First of all, we would like to thank to reviewers for their constructive and in-depth comments. We answer individual comments after clarifying two general questions:$
[Motivation for specific analysis for coordinate descent] Indeed the general theorems from the first part of the paper can also be used to obtain primal-dual rates for coordinate descent (CD). However, we still give a separate analysis in Section 6 since these rates are stronger (e.g. eps vs eps^2 dependence), more explicit in terms of the dependence of the constants on the dimensionality, and cover a problem class which we believe is very important in machine learning (partial separability).
[Smoothness assumption on f] We agree that it would be cleaner to state Assumption 1 earlier and add the smoothness assumption on f to every Theorem, we will fix that.
*****
Reviewer #1:
We appreciate the positive assessment and spotting the typos, which we are happy to fix.
*****
Reviewer #2:
Thanks for the thorough review and the many helpful remarks!

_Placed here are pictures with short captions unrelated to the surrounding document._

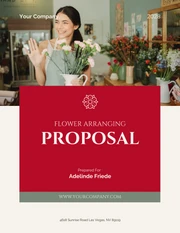 Red, Green and Brown Flower Arrangement Event Proposal - Page 1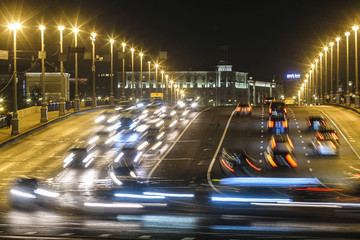 Moscow, Russia - September, 6, 2018: night traffic in Moscow, Russia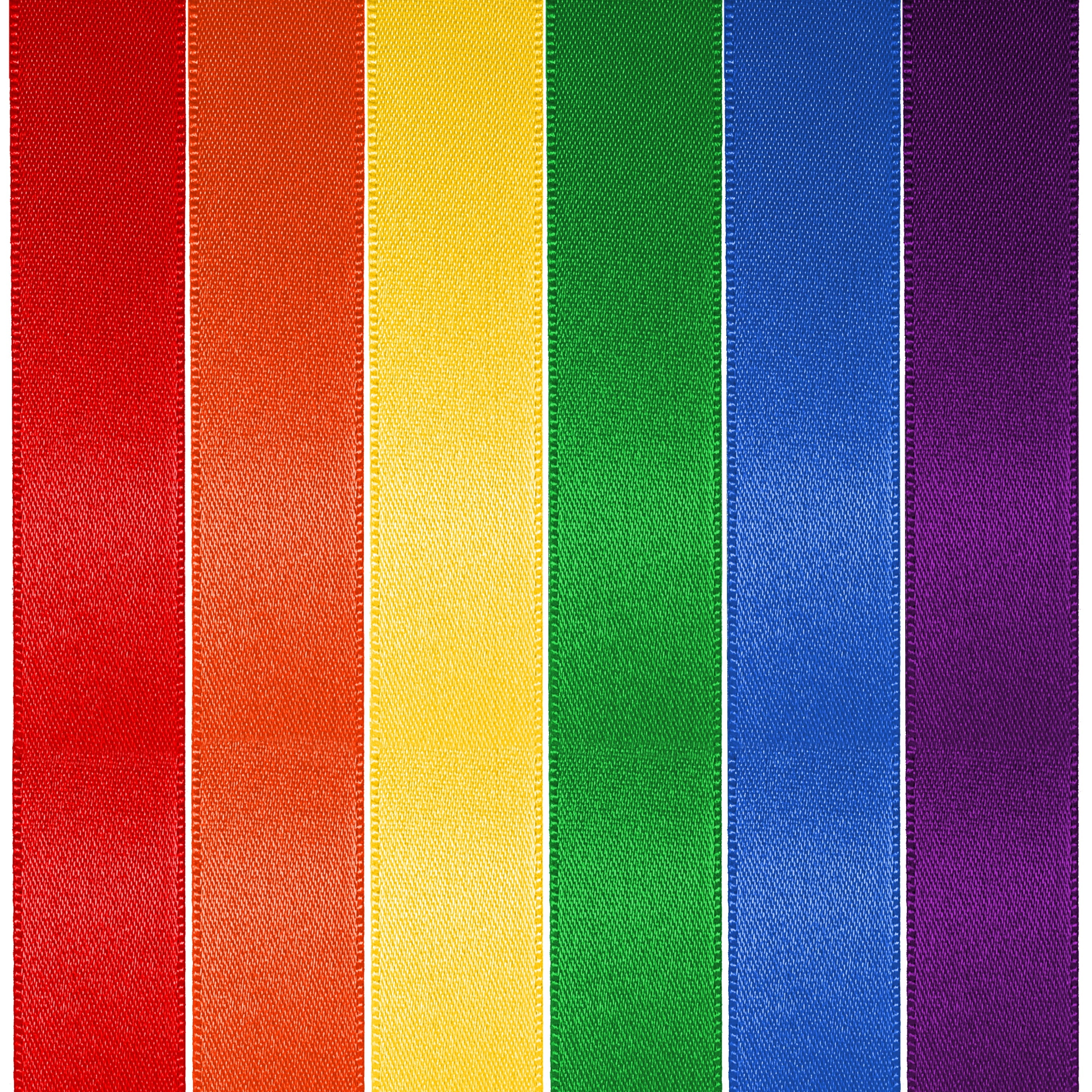 Rainbow Double Faced Satin Ribbon, 6 Colors, 5/8" x 600 Yards by Gwen Studios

[Bounded Support in Lemma 1] Yes, in Section 4.1 we forgot putting the explicit assumption that $g$ has to be either strongly convex ($\mu>0$) or has to have a bounded support, in Lemma 1. Indeed this was the main motivation to introduce the Lipschitzing trick. As you pointed out correctly, when using Lemma 1’ we only consider this valid case, so the proof remains correct. We will fix this by putting it explicitly into assumptions of Lemma 1 (as well as Lemma 14), and thanks again for spotting this.
[..The computation of the duality gap could require to solve a potentially expensive problem.]
This is a valid point especially from the practical impact for our approach, which we will address. The computation of the duality gap requires the evaluation of the primal as well as the dual objective. While maintaining $A \alpha$ is easy, the main computational part consists in computing $A^T w$, which needs one pass through the data. In practice when using cheap incremental algorithms, it is recommended to only compute the gap every few iterations.
We will try to improve the presentation of the entire Section 5.1 as by your comment, more clearly distinguishing the modification of the dual from the effect on the primal.
[Theorem 6 is a bit vague]
It is important to note that the algorithms’ iterate sequence as well as the original (primal) objective evaluated at the iterates are not affected by the modification (Lipschitzing trick). In this light, Theorem 3 and 4 give valid primal-dual convergence results for the unmodified primal problem.
It is correct, as you mentioned, that the dual objective is modified and so is the duality gap (the original dual might even have been undefined for many iterates). In any case, the ‘new’ duality gap serves as a certificate of optimality for the original problem, in the region of interest.
[Corollary 7 is not meaningful. No control over Bt]
Indeed the goal here is not to control B_t, but Corollary 7 assumes some (potentially loose) bounds B_t given. This is trivial for norm-regularized problems. We simply state that whenever the level sets are bounded and some B_t is given, we have a B_t-bounded set containing all iterates and therefore can use Theorem 6 to get primal dual convergence rates for this algorithm. We will try to improve presentation of the idea.
[Elastic Net]
Thank you for the suggestion, but we intentionally put the elastic net in Section 5 since we first address it by using smoothness of the data-fit term, not the regularizer itself. The latter would indeed be simpler, but will not work well for small values of the L2 part. Our approach further allows existing primal methods for elastic net to be reused directly.
[Specific analysis for coordinate descent]
See above.
We thank the reviewer for all other comments and are happy to address them in a revised version.
(We also agree with the comment on the domain of g^*, see our first answer w.r.t. Lemma 1.)
*****
Reviewer #3:
[The tests show convergence of the duality gap, but it would be nice to show duality gap and true error in the objective, so we can see if they converge at the same rate.]
This a good comment, it indeed would be nice to perform additional experiments compare the convergence of the duality gap with the objective in practice. If space permits, we’ll be happy to include the plots of the objective in the paper as well.
[Table 1]
Thanks for the suggestion, we will simplify the loss part by only using one column.
[Equations (1a)(1b)(2a)(2b)]
We present all four optimality conditions to highlight and maintain the full symmetry of the primal and dual problems (A) and (B). But we agree that (1b), (2b) follow from (1a), (2a) and will try to simplify presentation and references for this.
[Footnote 3, line 273;]
Thank you for this comment, it is true, we need a $sup$ here as you pointed out.